He helped transform St. Augustine Amphitheater from so generic a certain country star once greeted the crowd with “Hello, Jacksonville!”, to a must-do venue for artists and fans.
Now, Ryan Murphy will help run a venue that could change the course of Huntsville’s music history.
Murphy is president of Huntsville Venue Group, which Huntsville City Council unanimously approved Nov. 7 to contract to design, build and operate an amphitheater here.
And not just a boilerplate “shed” type amphitheater.
A classic yet unique venue on par with iconic amphitheaters like Los Angeles’ Hollywood Bowl, Berkeley, Calif.’s Greek Theatre and Colorado’s Red Rocks.
Yes, in Huntsville.
“I think Huntsville has the opportunity because of its placement geographically, the swell of community support, the areas it can draw from,” Murphy says. “All those elements. It’s a really open canvas in a lot of ways, with a ton of potential for people to appreciate and get behind it. It’s exciting.”
The as yet unnamed Huntsville amphitheater is about 90 percent designed and heading into schematics phase. Features include an all-seating bowl with vertical lift, similar to Red Rocks, instead of a stretched lawn format, to bring fans and bands closer together. The concept involves elevated food and beverage and no seats with obstructed sight lines.
It will be located in a new city park, to be built on the southwest portion of the former Madison Square Mall grounds, on University Drive, behind a TopGolf, Dave & Busters and High Point Climbing & Fitness at the MidCity development here.
Right now, it’s just a vacant lot dotted with dirt piles and grass clumps.

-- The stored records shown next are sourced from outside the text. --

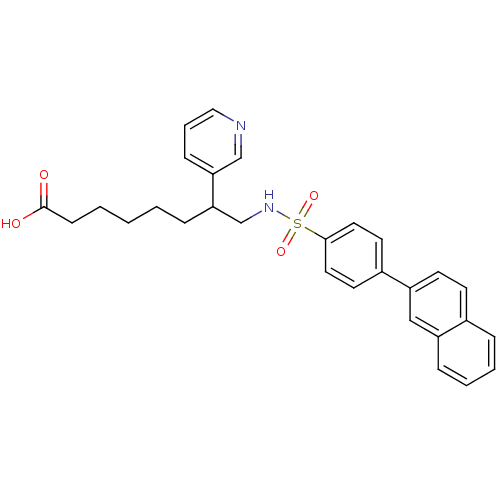 Chemical structure of BindingDB Monomer ID 50003763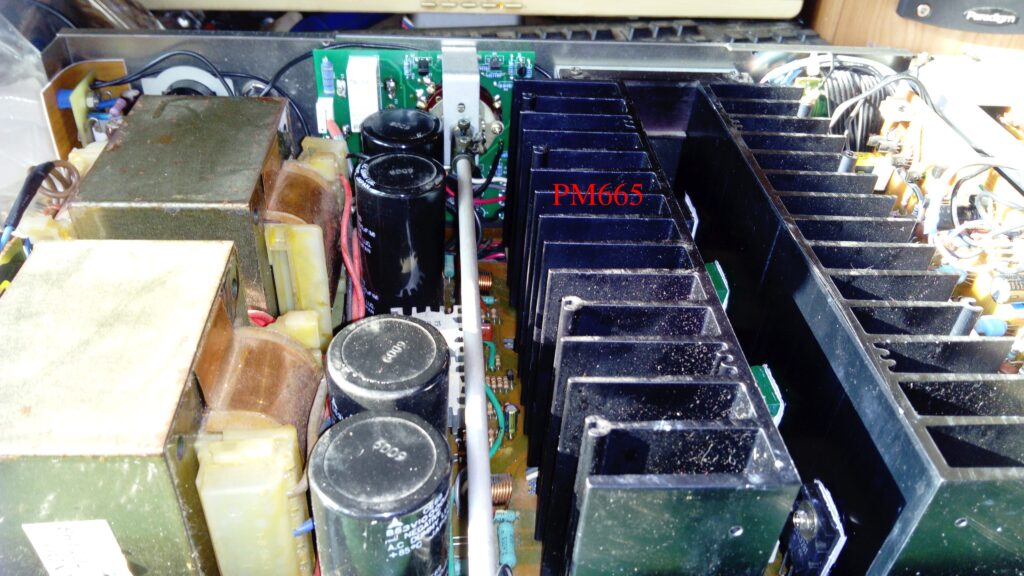 Harman Kardon PM665 speakers protection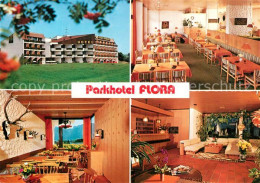 73204336 Weissbach Pfronten Parkhotel Flora Cafe Restaurant Foyer Weissbach Pfro - Pfronten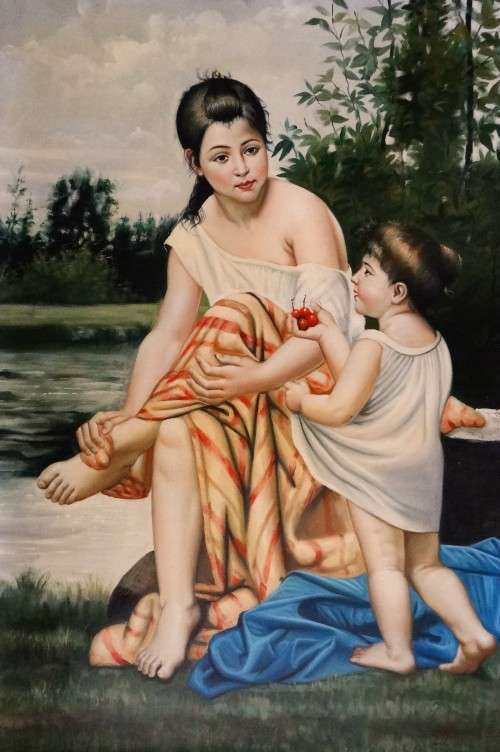 figurative oil painting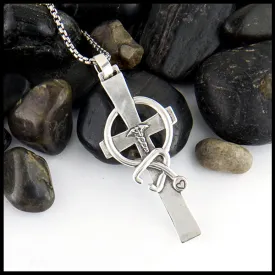 Large Caring Cross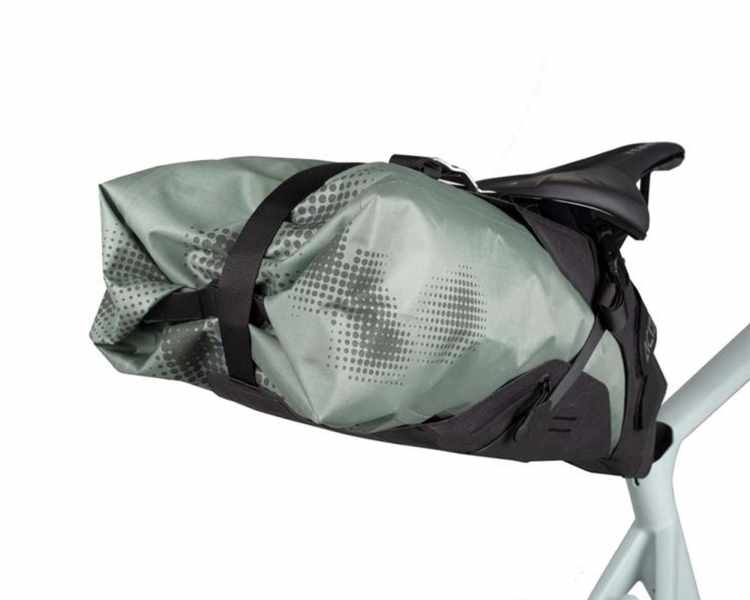 ACID Satteltasche PACK PRO 15 black´n´green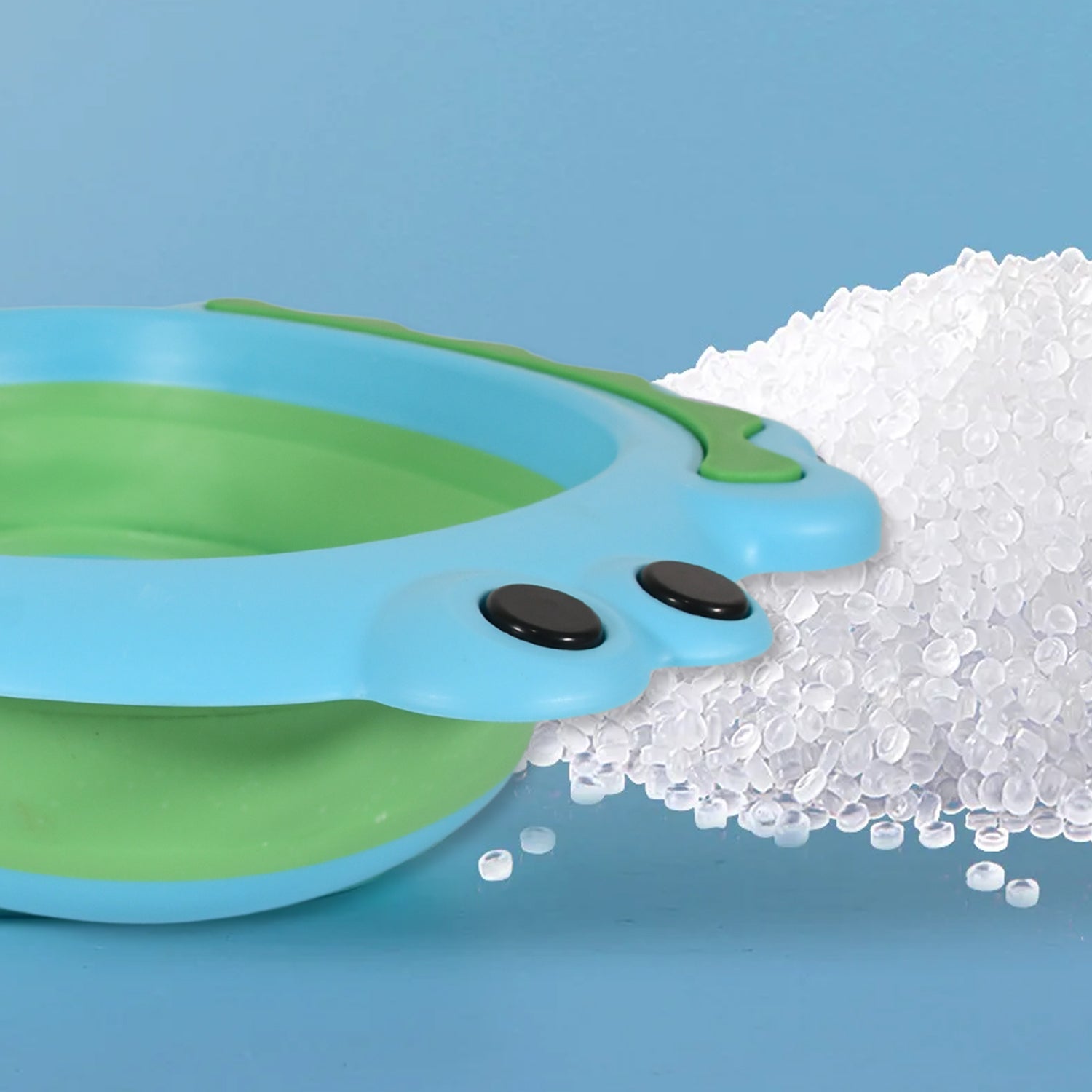 17513 Frog Shape Wash Basin, Space Saving Multi Function Foldable Baby Wash basin Easy Clean Lightweight Thicken for Washing Face for Home (33×31Cm / 1 pc) 17513 Frog Shape Wash Basin, Space Saving Multi Function Foldable Baby Wash basin Easy Clean Lightweight Thicken for Washing Face for Home (33×31Cm / 1 pc)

But in two or so years Huntsville Venue Group staff believes the amphitheater planned for here will be hosting “festival headliner” type acts.
In addition to Murphy, Huntsville Venue Group’s principals include: musician Ben Lovett, founding member of English folk-pop stars Mumford & Sons; Mike Luba and Don Sullivan, producers behind tours ranging from Grateful Dead to Chance the Rapper; and music-biz vet Graham Brown, who’s booked artists such as Willie Nelson and Ed Sheeran.
To casual fans, Lovett is known for his multi-instrument skills on Mumford hits like “The Cave” and “I Will Wait.” To industry insiders, he’s known for having behind the scenes tentacles in areas like artist development (Gotye, James Bay, Michael Kiwanuka, etc.) and his London venue Omeara, which hosts acts like The Pretenders, Maggie Rogers and Beck.
Huntsville Venue Group is the Huntsville arm of Lovett founded venture Venue Group, which in addition to Huntsville and London has projects in New York and Austin, Texas.
Having performed at amphitheaters ranging from Washington’s Gorge to Pelham’s Oak Mountain, Lovett is very familiar with what works. And what doesn’t work. From an artist perspective, having dressing rooms and back of house that aren’t afterthoughts is essential. “For a touring artist, that’s where they spend their lives,” Lovett says. “Some places recognize it. And everything from catering facilities to clothes washing facilities to comfort of the furniture is thought about, and some just provide you with a concrete box with strip lighting.” Like many musicians, Lovett is as much a fan as an artist. You can hear this in how he gushes about seeing art-rockers Radiohead perform at a Switzerland amphitheater. His Huntsville amphitheater design input draws from as far back as Italy’s Arena di Verona – which was built around 2,000 years ago and is still in use, including a Mumford & Sons concert.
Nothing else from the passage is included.